INSTRUCTIONS FOR THE TASK:
Could you repeat the records shown below exactly as written?

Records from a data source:
# # # # # # #

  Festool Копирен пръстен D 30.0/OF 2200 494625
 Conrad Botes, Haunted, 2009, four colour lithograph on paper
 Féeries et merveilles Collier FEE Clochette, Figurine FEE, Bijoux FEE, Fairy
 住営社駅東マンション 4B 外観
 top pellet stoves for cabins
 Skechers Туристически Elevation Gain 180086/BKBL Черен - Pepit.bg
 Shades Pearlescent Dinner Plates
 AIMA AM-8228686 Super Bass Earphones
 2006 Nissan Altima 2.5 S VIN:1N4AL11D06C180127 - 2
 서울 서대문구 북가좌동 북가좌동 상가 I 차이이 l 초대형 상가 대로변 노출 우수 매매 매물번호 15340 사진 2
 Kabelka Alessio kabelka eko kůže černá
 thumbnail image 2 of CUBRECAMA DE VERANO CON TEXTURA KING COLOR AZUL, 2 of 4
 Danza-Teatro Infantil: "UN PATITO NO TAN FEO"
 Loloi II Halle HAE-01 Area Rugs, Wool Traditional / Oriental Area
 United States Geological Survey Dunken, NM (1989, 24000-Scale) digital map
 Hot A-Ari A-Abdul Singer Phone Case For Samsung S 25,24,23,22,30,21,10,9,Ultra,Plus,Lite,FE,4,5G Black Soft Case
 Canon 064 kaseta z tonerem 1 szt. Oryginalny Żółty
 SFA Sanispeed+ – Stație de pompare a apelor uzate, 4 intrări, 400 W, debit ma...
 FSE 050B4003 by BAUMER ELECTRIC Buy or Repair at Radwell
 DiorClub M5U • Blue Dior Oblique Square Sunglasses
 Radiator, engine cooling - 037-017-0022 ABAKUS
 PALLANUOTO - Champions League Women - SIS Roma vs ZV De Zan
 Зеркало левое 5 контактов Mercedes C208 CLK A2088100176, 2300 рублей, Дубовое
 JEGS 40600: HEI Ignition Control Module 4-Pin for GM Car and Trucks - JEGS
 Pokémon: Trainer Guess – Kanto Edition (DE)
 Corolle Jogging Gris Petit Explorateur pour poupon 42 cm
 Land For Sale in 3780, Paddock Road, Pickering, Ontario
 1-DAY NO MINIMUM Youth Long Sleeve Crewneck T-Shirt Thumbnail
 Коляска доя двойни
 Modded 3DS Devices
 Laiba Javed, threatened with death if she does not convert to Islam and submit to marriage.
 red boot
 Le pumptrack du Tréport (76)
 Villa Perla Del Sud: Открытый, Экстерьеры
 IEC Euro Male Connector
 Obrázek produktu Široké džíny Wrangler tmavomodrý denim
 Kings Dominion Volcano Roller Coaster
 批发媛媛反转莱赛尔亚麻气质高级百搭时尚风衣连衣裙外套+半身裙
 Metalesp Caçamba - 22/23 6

# # # # # # #

REPLY TO THE TASK:
  Festool Копирен пръстен D 30.0/OF 2200 494625
 Conrad Botes, Haunted, 2009, four colour lithograph on paper
 Féeries et merveilles Collier FEE Clochette, Figurine FEE, Bijoux FEE, Fairy
 住営社駅東マンション 4B 外観
 top pellet stoves for cabins
 Skechers Туристически Elevation Gain 180086/BKBL Черен - Pepit.bg
 Shades Pearlescent Dinner Plates
 AIMA AM-8228686 Super Bass Earphones
 2006 Nissan Altima 2.5 S VIN:1N4AL11D06C180127 - 2
 서울 서대문구 북가좌동 북가좌동 상가 I 차이이 l 초대형 상가 대로변 노출 우수 매매 매물번호 15340 사진 2
 Kabelka Alessio kabelka eko kůže černá
 thumbnail image 2 of CUBRECAMA DE VERANO CON TEXTURA KING COLOR AZUL, 2 of 4
 Danza-Teatro Infantil: "UN PATITO NO TAN FEO"
 Loloi II Halle HAE-01 Area Rugs, Wool Traditional / Oriental Area
 United States Geological Survey Dunken, NM (1989, 24000-Scale) digital map
 Hot A-Ari A-Abdul Singer Phone Case For Samsung S 25,24,23,22,30,21,10,9,Ultra,Plus,Lite,FE,4,5G Black Soft Case
 Canon 064 kaseta z tonerem 1 szt. Oryginalny Żółty
 SFA Sanispeed+ – Stație de pompare a apelor uzate, 4 intrări, 400 W, debit ma...
 FSE 050B4003 by BAUMER ELECTRIC Buy or Repair at Radwell
 DiorClub M5U • Blue Dior Oblique Square Sunglasses
 Radiator, engine cooling - 037-017-0022 ABAKUS
 PALLANUOTO - Champions League Women - SIS Roma vs ZV De Zan
 Зеркало левое 5 контактов Mercedes C208 CLK A2088100176, 2300 рублей, Дубовое
 JEGS 40600: HEI Ignition Control Module 4-Pin for GM Car and Trucks - JEGS
 Pokémon: Trainer Guess – Kanto Edition (DE)
 Corolle Jogging Gris Petit Explorateur pour poupon 42 cm
 Land For Sale in 3780, Paddock Road, Pickering, Ontario
 1-DAY NO MINIMUM Youth Long Sleeve Crewneck T-Shirt Thumbnail
 Коляска доя двойни
 Modded 3DS Devices
 Laiba Javed, threatened with death if she does not convert to Islam and submit to marriage.
 red boot
 Le pumptrack du Tréport (76)
 Villa Perla Del Sud: Открытый, Экстерьеры
 IEC Euro Male Connector
 Obrázek produktu Široké džíny Wrangler tmavomodrý denim
 Kings Dominion Volcano Roller Coaster
 批发媛媛反转莱赛尔亚麻气质高级百搭时尚风衣连衣裙外套+半身裙
 Metalesp Caçamba - 22/23 6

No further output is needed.